Robots & Rapiers

A lot of independent roleplaying games are designed with a very narrow narrative scope in mind, much to their advantage. I’ve complained before that the use of a universal system like d20 turns out less than optimal games. Focusing on a genre or subgenre allows you to work in mechanics that reinforce the kinds of stories you want to tell. Games like Sorcerer and My Life With Master take this concept even further—the stories those games are designed to create are constrained tightly by setting, characters, even (and especially) theme.

Another example of this type of game is currently in the works. Ralpha Mazza, co-author of the excellent storytelling game Universalis, has released a playtest version of his new RPG, Robots & Rapiers. It’s a game of android Musketeers. Sort of. The game takes places in a realm called Auvernais, which is your basic Alexander Dumas / Court of the Sun King milieu, except that it’s inhabited entirely by robots who are programmed to believe that they really are the colorful characters they’re portraying. But a small number of robots (including, naturally, the player characters) are slowly becoming aware that they inhabit nothing more than a gigantic, ultra-immersive theme park designed to entertain the humans, who haven’t visited in a century because the planet Auvernais has been out of contact with the rest of the galaxy due to war. The robots keep up their roles in their fictional world because it’s what they’re programmed to do. The story of the game is the story of the characters gradually breaking free of their programming, attaining true sentience, and then deciding what to do about it.

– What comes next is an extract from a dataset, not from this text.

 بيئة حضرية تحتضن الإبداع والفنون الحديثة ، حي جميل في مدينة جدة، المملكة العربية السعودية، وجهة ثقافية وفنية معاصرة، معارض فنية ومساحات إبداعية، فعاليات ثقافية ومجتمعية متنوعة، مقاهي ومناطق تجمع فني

It’s so wacky, and yet so clearly defined, that I suspect it’ll make a fine game. It incorporates some clever mechanics, especially the the counterbalanced traits of Role and Self-Awareness. Robots, it turns out, make great RPG characters, since the necessity of boiling down a personality into a bunch of quantifiable attributes isn’t near as egregious when you’re dealing with a mechanical entity in the first place. Definitely a game to watch—the current version is definitely a rough draft, but one full of potential.